Auch Forscher in Belgien und Brüssel haben diese Erkenntnis gemacht. Der städtische Lärm sei nach einer nationalen Sperrung in seinem Niveau dermaßen gesunken, dass er in seinen seismischen Aktivitäten einem Weihnachtstag entspricht. Paula Koelemeijer, eine Seismologin aus London sagte gegenüber The Atlantic: „Normalerweise würden wir kein Erdbeben der Stärke 5,5 von der anderen Seite der Welt aufnehmen, weil es zu laut wäre, aber mit weniger Rauschen kann unser Instrument jetzt 5,5 mit viel schönere Signalen während des Tages aufnehmen.“

Die Meeressäugerforschung profitiert ebenfalls von der neuen Ruhe und den Aufnahmen. Denn werden Wale durch den Lärm vorbeifahrender Fracht- und Kreuzfahrtschiffe gestört, stellen sie ihren Gesang ein, bis die Schiffe vorbeigefahren sind. Michelle Fournet, eine Meeresökologin bei Cornell meint:“Wir erleben eine beispiellose Pause im Meereslärm, die wahrscheinlich seit Jahrzehnten nicht mehr aufgetreten ist. Die Natur holt Luft, während wir Menschen unsere Luft anhalten.“ Die Forscher sind schon gespannt darauf, wie die Wale in Alaska in dieser Saison gedeihen werden, da Kreuzfahrtschiffe zum ersten Mal in der jüngeren Geschichte fehlen. Denn Untersuchungen haben gezeigt, dass Umgebungsgeräusche von Schiffen und anderem Seeverkehr den Stresshormonspiegel bei Meerestieren so stark erhöhen können, dass sich dies auf ihren Fortpflanzung auswirkt.

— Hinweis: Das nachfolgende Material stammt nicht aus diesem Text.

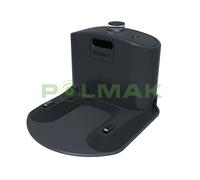 Integrado Hogar Base, Muelle Cargador iRobot Roomba 500 600 700 800 900 e5 e6 i7
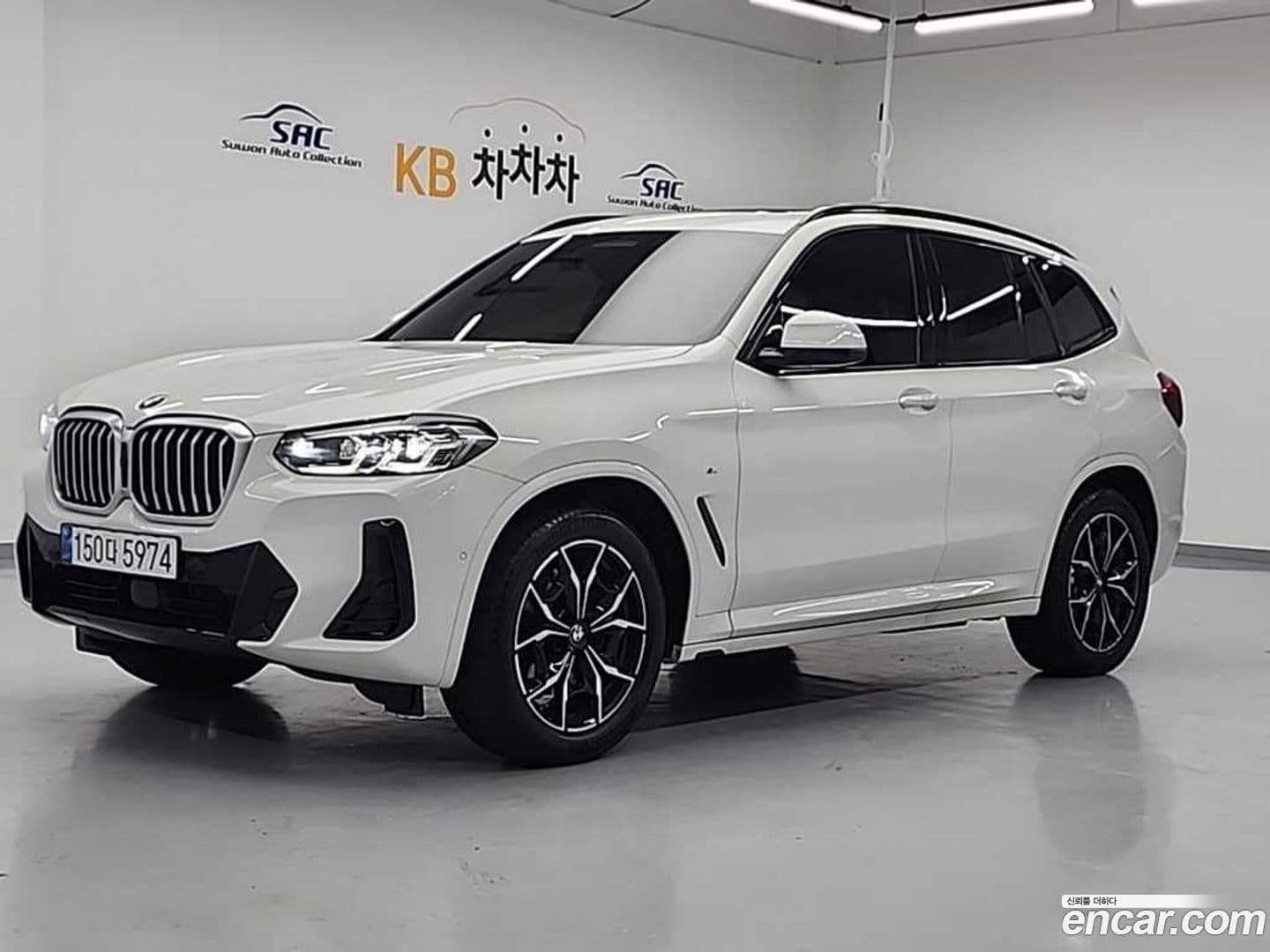 Main__Slider__Photo:X3 BMW 2024.7-0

Die Abnahme des lauten Verkehrs an Land und in der Luft hat noch einen weiteren wesentlichen Vorteil: die Luftqualität hat sich verbessert. Unserer menschlichen Gesundheit tut dies sehr gut. Denn Luftverschmutzung kann die menschliche Gesundheit ernsthaft schädigen. Die Weltgesundheitsorganisation schätzt, dass jährlich etwa 4,2 Millionen Menschen durch Umweltverschmutzung wie Schlaganfall, Herzerkrankungen und Atemwegserkrankungen ums Leben kommen. Aber auch für Insekten ist die verbesserte Luftqualität ein Segen. Hummeln können beispielsweise dadurch Blumen leichter erkennen, denn normalerweise verschleiern die Abgase die blumigen Düfte.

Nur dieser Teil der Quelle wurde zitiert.